The result of cor.test() shows that almost of the residual is not linear, because most of the residual p-value > 0.05. Only RH and C6H6(GT) has negative correlation. Then let’s we visualize it.

b. Visualize!

# prepare the data (simplify the model into a data frame)
refit <- data.frame(residuals = backward$residuals, fitted = backward$fitted.values)

# create the plot
refit %>% 
  ggplot(aes(fitted, residuals)) +
  geom_point() +
  geom_smooth() +
  geom_hline(aes(yintercept = 0)) +
  theme_minimal()
## `geom_smooth()` using method = 'gam' and formula 'y ~ s(x, bs = "cs")'

Both of method shows that each residual of the model Backward is not linear.

2. Normality of Residual

The seconf assupmtion check is the residual of the model is distributed normal or not.

hist(backward$residuals)

Because this data set has more than 5,000 rows, to check normality of residual we will use the hist() function. Histogram above shows that the distribution residual of the model is not normal.

3. Homoscedascity

Homoscedascity assumption checking will provide us information if the residual has pattern (heteroscedascity) or not (homoscedascity).

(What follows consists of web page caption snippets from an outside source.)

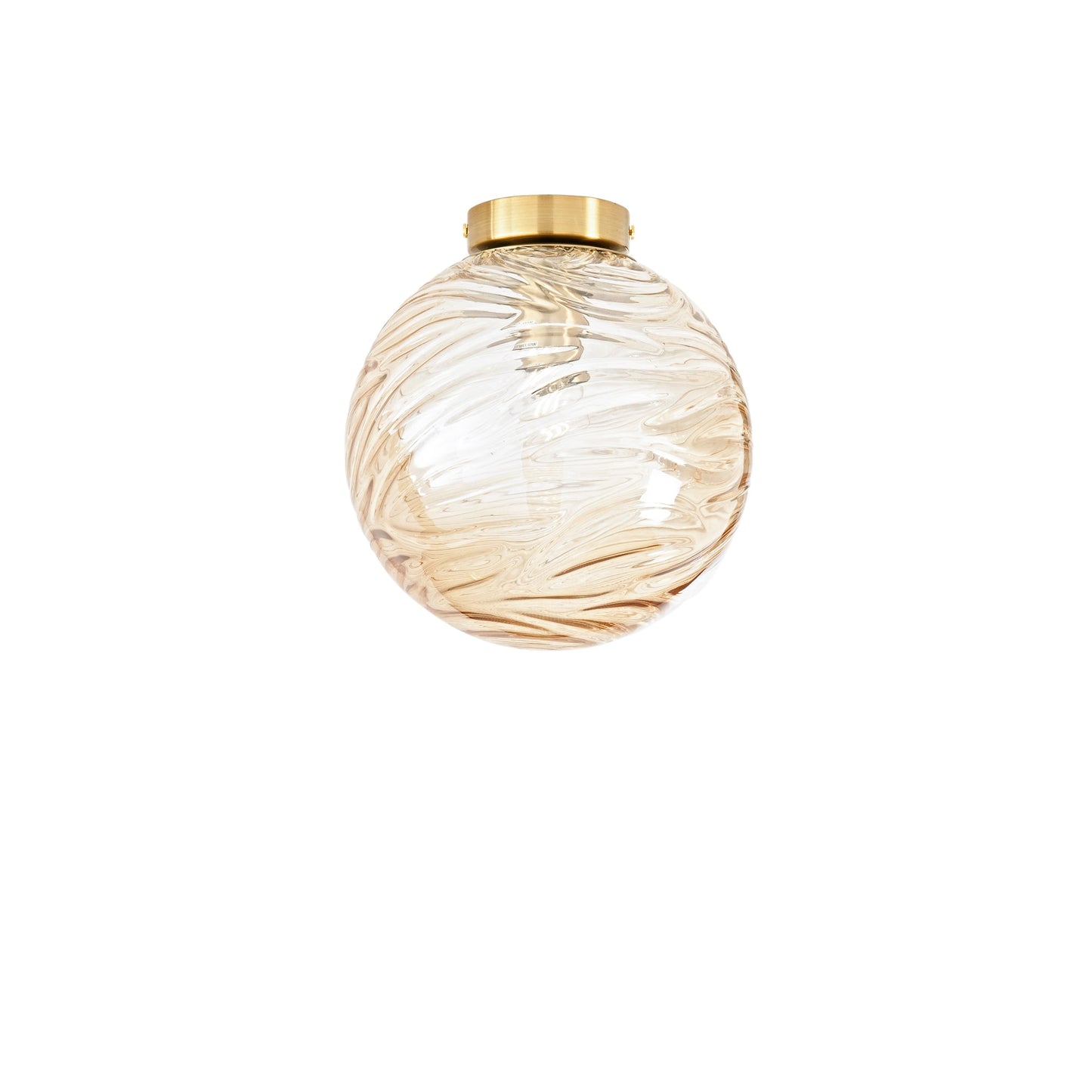 Plafoniera NEREIDE in vetro champagne ad onde concentriche Ø 25 cm.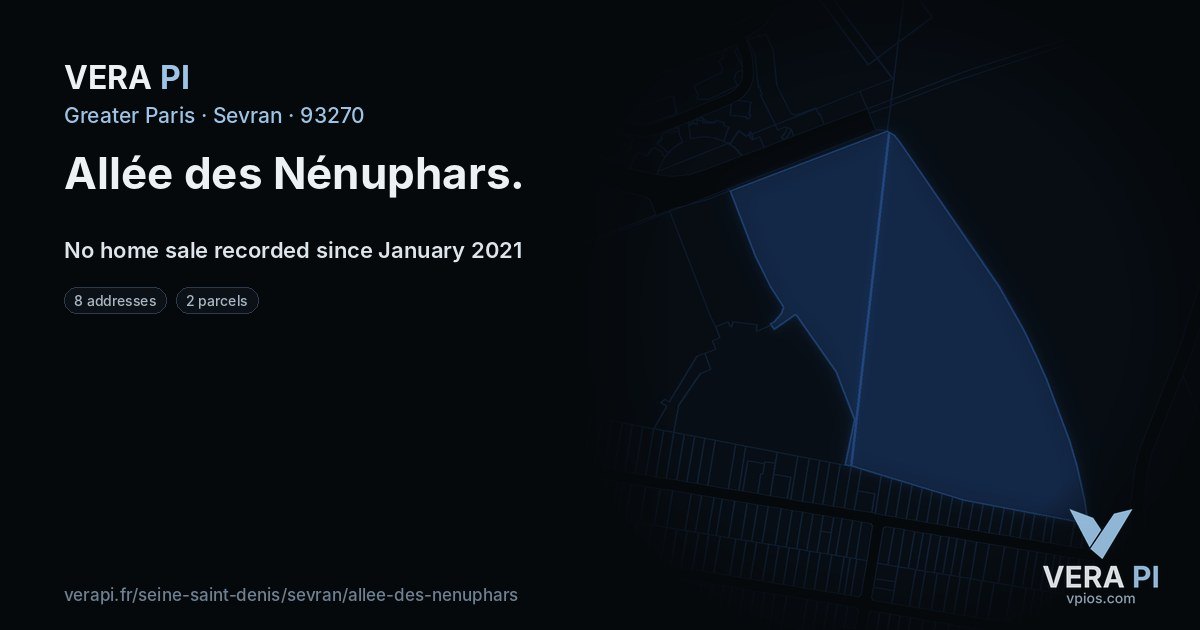 Allée des Nénuphars, Sevran at night – every parcel coloured by the prices around it, the street's own parcels lit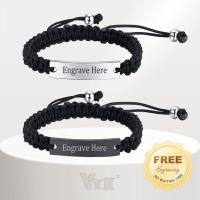ราคา สร้อยข้อมือเชือกถัก, Vnox, สำหรับผู้หญิงและผู้ชาย, แกะสลักฟรี, ทำจากสแตนเลส, เครื่องประดับแท็ก ID (1731487461145806810)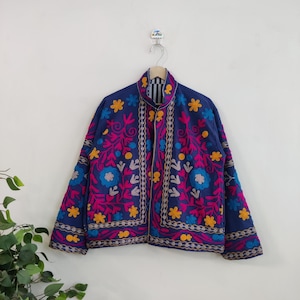 Chaqueta india con bordado suzani, abrigo suzani de algodón, chaqueta de invierno, chaqueta corta suzani popular, chaqueta bordada a mano para mujer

The hypothesis of homoscedascity are;

  • H0: Homoscedasticity (has no pattern) => p-value > 0.05
  • H1: Heteroscedasticity (has pattern) => p-value < 0.05

To check the homoscedascity assumption, we will use bptest() function from lmtest package.

bptest(backward)
## 
##  studentized Breusch-Pagan test
## 
## data:  backward
## BP = 871.89, df = 10, p-value < 2.2e-16
plot(backward$fitted.values, backward$residuals)
abline(h = 0, col = "red")

Result above shows that the residual of model has pattern that the residuals of the model has pattern (Heteroscedascity).

4. No-Multicolinearity

This assumption aims to check is there any residual that will overlap other residual (has correlation between each residuals). Practically, it will be better to remove the residuals that has vif result exceeding 5 or 10, because it is more possible that the residual overlap other residual.

vif(backward)
##           Time     `NMHC(GT)`     `C6H6(GT)`      `NOx(GT)` `PT08.S3(NOx)` 
##       1.299347       1.318610      91.379023       5.979800       4.999218 
##      `NO2(GT)` `PT08.S4(NO2)`  `PT08.S5(O3)`              T             RH 
##       4.000454       5.056979       9.559672      54.745166      10.356872

Result above shows that there are residual C6H6(GT) and T has the highest vif value and only 4 residual has vif value less than 5. Thus, it will be better to create new regression model that removed all the residual except Time, NMHC(GT), PT08.S3(NOx), and NO2(GT).

Conclusion

1. After compare the adj.r.squared and RMSE of four models that we have created, model Backward from Stepwise Regression has the smallest value amongst of all. But still we will forecast the data by all model.

2. After checking assumption of the model Backward, we know that there is no assumptions has been fulfilled. This mean although Backward model has smallest RMSE and adj.r.squared, this model is not good enough. There are several ways to improve the model.

2.1. Model Improvement

Because all assumption is not fulfilled, there are several ways to improve our model:

  1. Multi-colinearity => remove all residual that has vif value exceeding 5 or 10.

  2. Heteroscedascity => there’s possibilities that affect the model has not been included, thus add several predictor that estimated affect the model into a better model than before.

  3. Normality of Residuals & Linearity => transform the data.

  4. We could improve our model to use the Decision Tree.

3. In the end, all we need to do is trial and error. If one method failed, we should try to use other method. After seeing the data set, there’s possibilities we could forecast the data set by other method, such as Time Series (because there are Date in the data set and the data set has frequency hourly) and Decision Tree.